Records from a data source
──────────

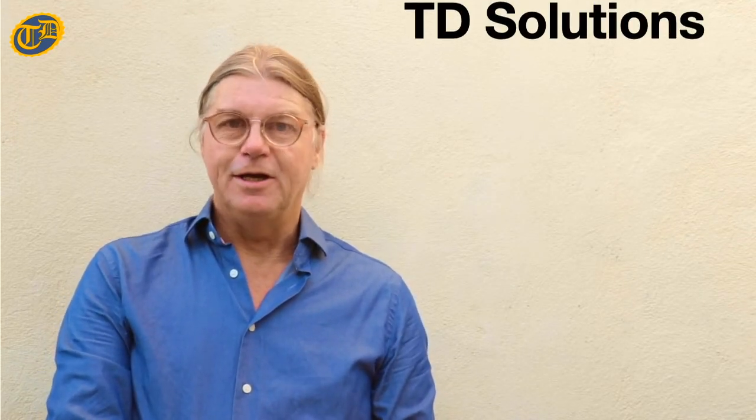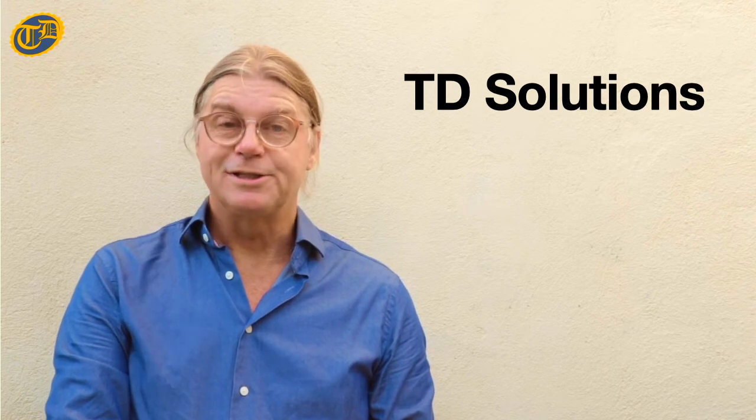Hello there, my name is Carl Otterson of TD Solutions here in England. I'm here to talk to you about how to use DT Amitraz 20% solution to protect your companion animal — for example, your dog — and livestock such as cattle, goats, sheep, and camels from skin damage caused by parasites.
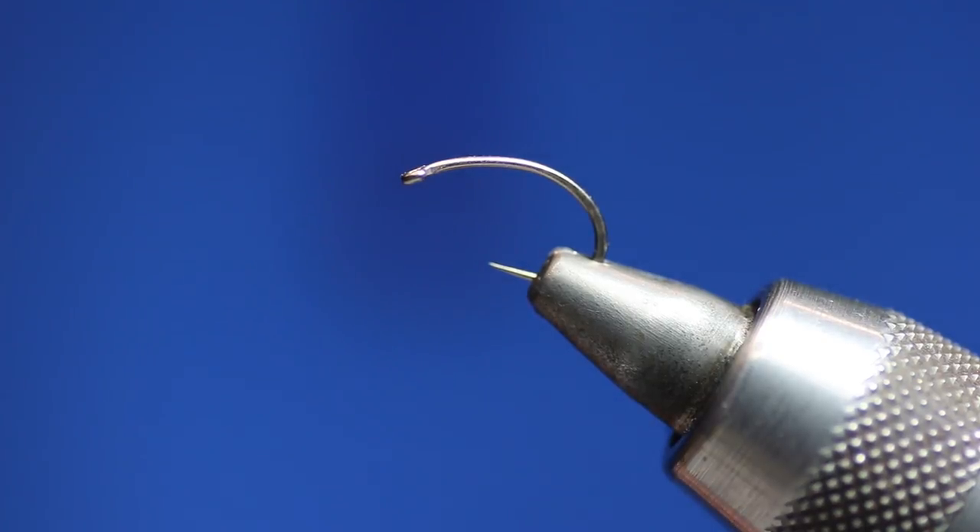All the flies that I'm going to tie, I personally use them, and at the end of each of the videos there will be a list of materials required to tie these patterns, which you can purchase the flies and the materials off my own website if you so wish.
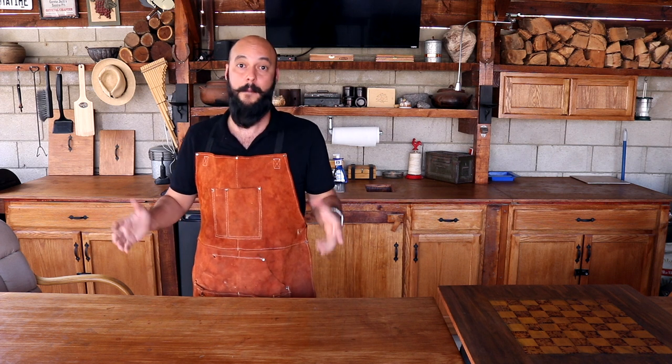We're going to be making some lemon pepper wings today. But first, I've got some important news — we officially got sponsored by Chargriller Grills.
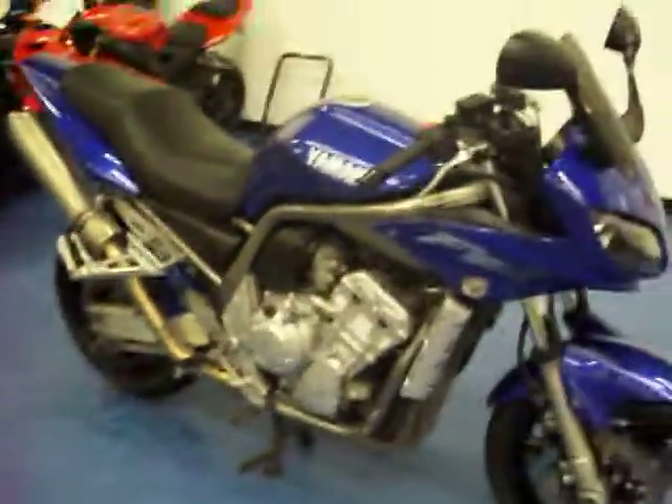Come around to the front. It has a tinted windscreen. No major rock chips or any cracks in that upper fairing. Front fender is in good condition. Show that front tire. More pictures and information are available on this bike at SimplySportBikes.com.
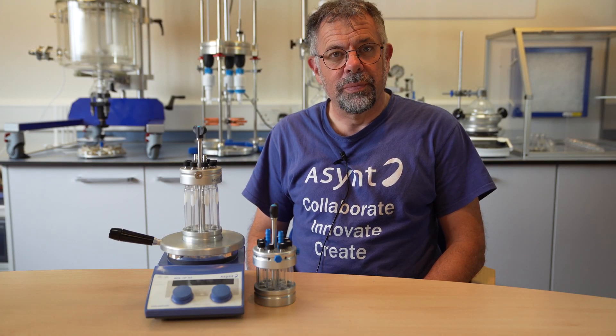Welcome to Asynt. My name's Martin Fordham and today I'd like to tell you about our Octo Mark II.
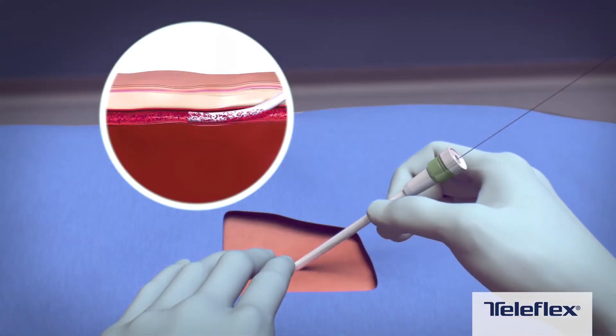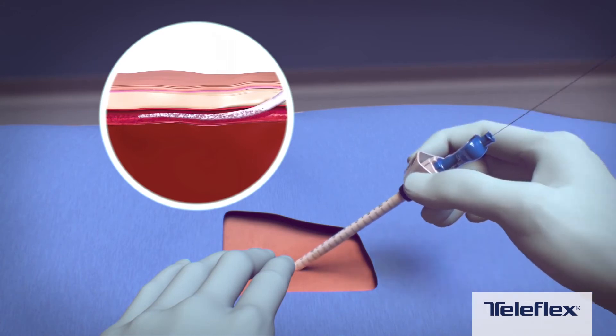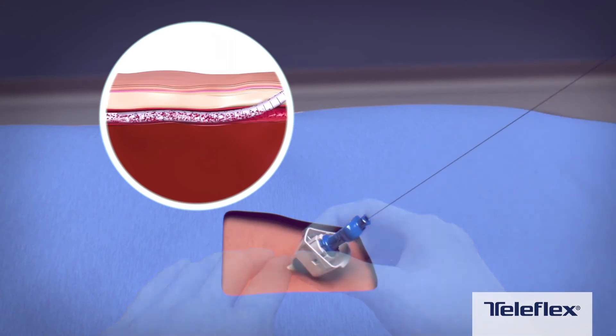After the large-bore procedure is completed, closure begins by exchanging the procedural sheath for the Manta sheath over the guide wire. Fully insert the Manta sheath into the vessel and remove the introducer.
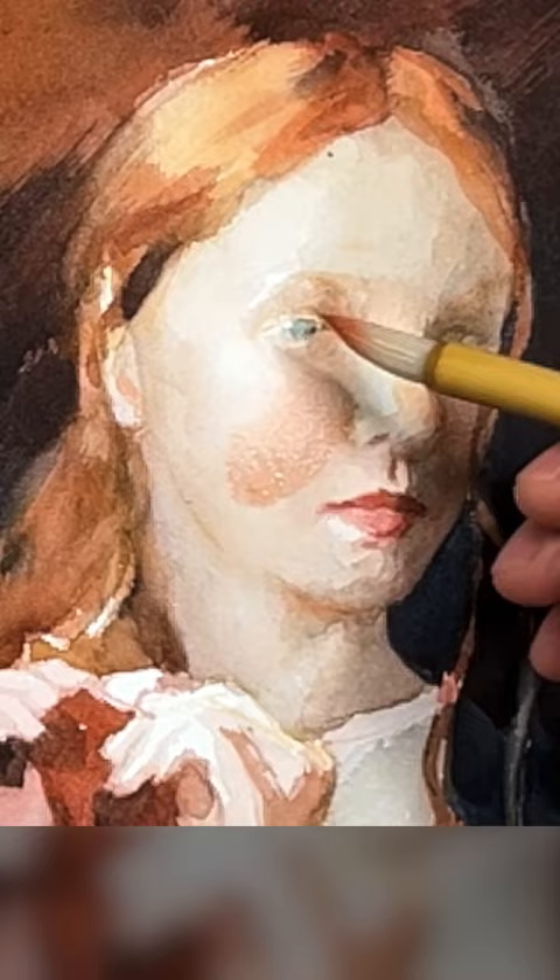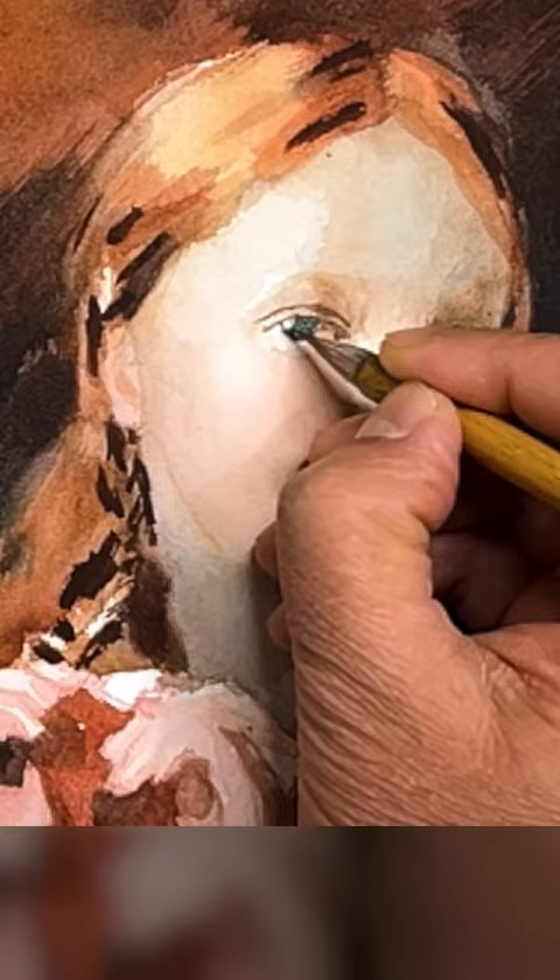In this particular portrait painting demonstration of glazing technique, I first make the base layer with a brown mixture using only the yellow, red, and blue.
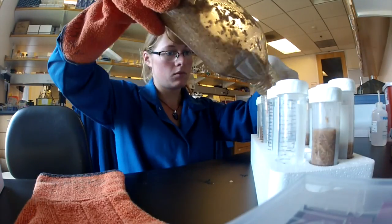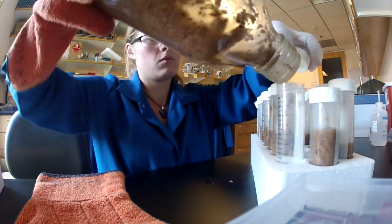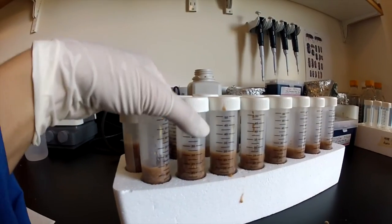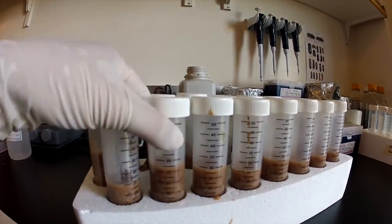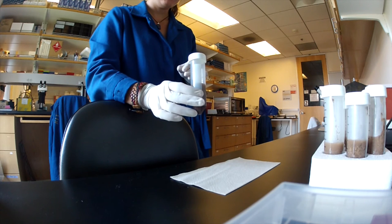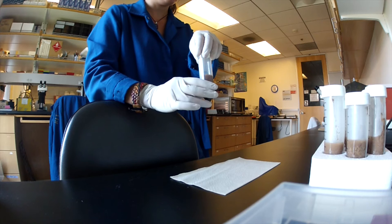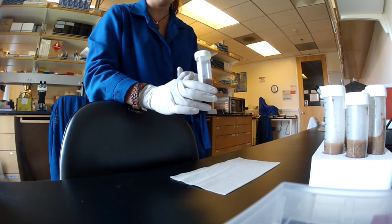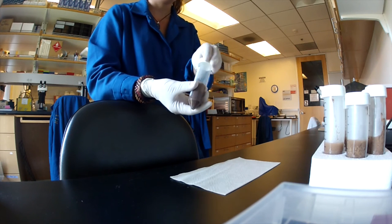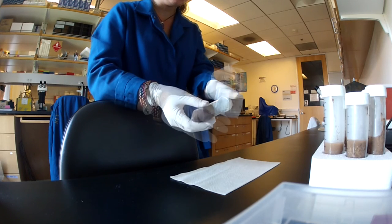After you've poured your tubes, try to tap out any air bubbles that may have formed by tapping the bottom of the tube against the bench. You'll notice that condensation starts to build up in your diet tubes after pouring from the autoclave. After you pour, wait about a day, and the next day you'll have to tap out the condensation so that the tubes dry out enough to put the beetles in them.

──────────

* _WHAT YOU NEED TO DO_:
The required result is an exact copy of the lines from the line containing "In this particular" through the end of the entries, with every picture left out.

* _REPLY_:
In this particular portrait painting demonstration of glazing technique, I first make the base layer with a brown mixture using only the yellow, red, and blue.
After you've poured your tubes, try to tap out any air bubbles that may have formed by tapping the bottom of the tube against the bench. You'll notice that condensation starts to build up in your diet tubes after pouring from the autoclave. After you pour, wait about a day, and the next day you'll have to tap out the condensation so that the tubes dry out enough to put the beetles in them.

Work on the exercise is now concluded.